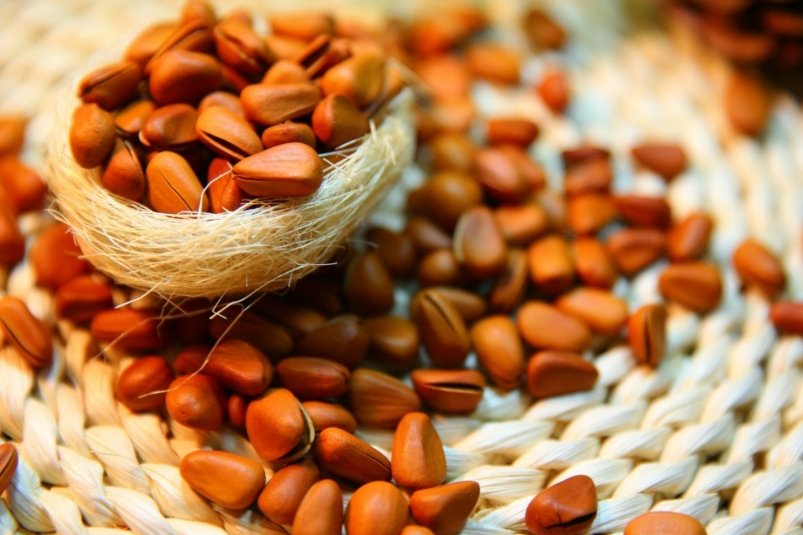 Тематическое фото pxhere.com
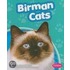 Birman Cats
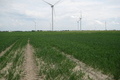 Visit #7: [12-May-11]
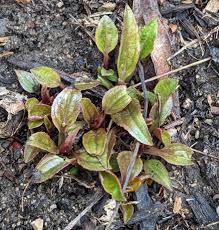 Pale Purple Coneflower (Echinacea pallida) - Early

------------

● **Assigned task**: Transcribe the listing exactly, skipping pictures.

● **Task output**:
 Тематическое фото pxhere.com
 Birman Cats
 Visit #7: [12-May-11]
 Pale Purple Coneflower (Echinacea pallida) - Early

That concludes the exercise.